What the exercise asks: For each record below, give an exact transcription.
-.-.-
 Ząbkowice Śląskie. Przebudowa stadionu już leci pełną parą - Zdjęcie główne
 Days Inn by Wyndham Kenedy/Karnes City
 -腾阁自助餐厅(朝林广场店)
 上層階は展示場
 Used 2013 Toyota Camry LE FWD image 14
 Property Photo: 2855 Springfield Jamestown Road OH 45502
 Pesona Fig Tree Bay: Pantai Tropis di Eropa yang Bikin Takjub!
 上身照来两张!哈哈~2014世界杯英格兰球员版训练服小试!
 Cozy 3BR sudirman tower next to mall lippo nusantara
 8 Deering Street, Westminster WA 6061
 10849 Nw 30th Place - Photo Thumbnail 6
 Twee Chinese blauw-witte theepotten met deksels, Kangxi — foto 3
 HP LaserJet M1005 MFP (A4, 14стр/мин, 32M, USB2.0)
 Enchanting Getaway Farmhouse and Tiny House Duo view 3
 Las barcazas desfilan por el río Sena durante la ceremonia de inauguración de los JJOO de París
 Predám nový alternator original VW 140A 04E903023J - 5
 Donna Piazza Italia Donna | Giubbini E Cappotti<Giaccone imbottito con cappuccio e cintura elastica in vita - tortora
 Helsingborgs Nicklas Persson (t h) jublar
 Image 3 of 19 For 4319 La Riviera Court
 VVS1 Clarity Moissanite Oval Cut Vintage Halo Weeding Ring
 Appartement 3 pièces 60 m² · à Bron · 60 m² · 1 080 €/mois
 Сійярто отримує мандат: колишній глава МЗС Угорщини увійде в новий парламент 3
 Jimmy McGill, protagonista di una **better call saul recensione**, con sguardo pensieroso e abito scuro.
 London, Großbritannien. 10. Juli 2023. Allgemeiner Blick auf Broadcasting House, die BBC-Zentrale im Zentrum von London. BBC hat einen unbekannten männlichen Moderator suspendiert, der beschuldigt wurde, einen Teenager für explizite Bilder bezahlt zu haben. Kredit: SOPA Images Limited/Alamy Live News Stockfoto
-.-.-
Your solution:
 Ząbkowice Śląskie. Przebudowa stadionu już leci pełną parą - Zdjęcie główne
 Days Inn by Wyndham Kenedy/Karnes City
 -腾阁自助餐厅(朝林广场店)
 上層階は展示場
 Used 2013 Toyota Camry LE FWD image 14
 Property Photo: 2855 Springfield Jamestown Road OH 45502
 Pesona Fig Tree Bay: Pantai Tropis di Eropa yang Bikin Takjub!
 上身照来两张!哈哈~2014世界杯英格兰球员版训练服小试!
 Cozy 3BR sudirman tower next to mall lippo nusantara
 8 Deering Street, Westminster WA 6061
 10849 Nw 30th Place - Photo Thumbnail 6
 Twee Chinese blauw-witte theepotten met deksels, Kangxi — foto 3
 HP LaserJet M1005 MFP (A4, 14стр/мин, 32M, USB2.0)
 Enchanting Getaway Farmhouse and Tiny House Duo view 3
 Las barcazas desfilan por el río Sena durante la ceremonia de inauguración de los JJOO de París
 Predám nový alternator original VW 140A 04E903023J - 5
 Donna Piazza Italia Donna | Giubbini E Cappotti<Giaccone imbottito con cappuccio e cintura elastica in vita - tortora
 Helsingborgs Nicklas Persson (t h) jublar
 Image 3 of 19 For 4319 La Riviera Court
 VVS1 Clarity Moissanite Oval Cut Vintage Halo Weeding Ring
 Appartement 3 pièces 60 m² · à Bron · 60 m² · 1 080 €/mois
 Сійярто отримує мандат: колишній глава МЗС Угорщини увійде в новий парламент 3
 Jimmy McGill, protagonista di una **better call saul recensione**, con sguardo pensieroso e abito scuro.
 London, Großbritannien. 10. Juli 2023. Allgemeiner Blick auf Broadcasting House, die BBC-Zentrale im Zentrum von London. BBC hat einen unbekannten männlichen Moderator suspendiert, der beschuldigt wurde, einen Teenager für explizite Bilder bezahlt zu haben. Kredit: SOPA Images Limited/Alamy Live News Stockfoto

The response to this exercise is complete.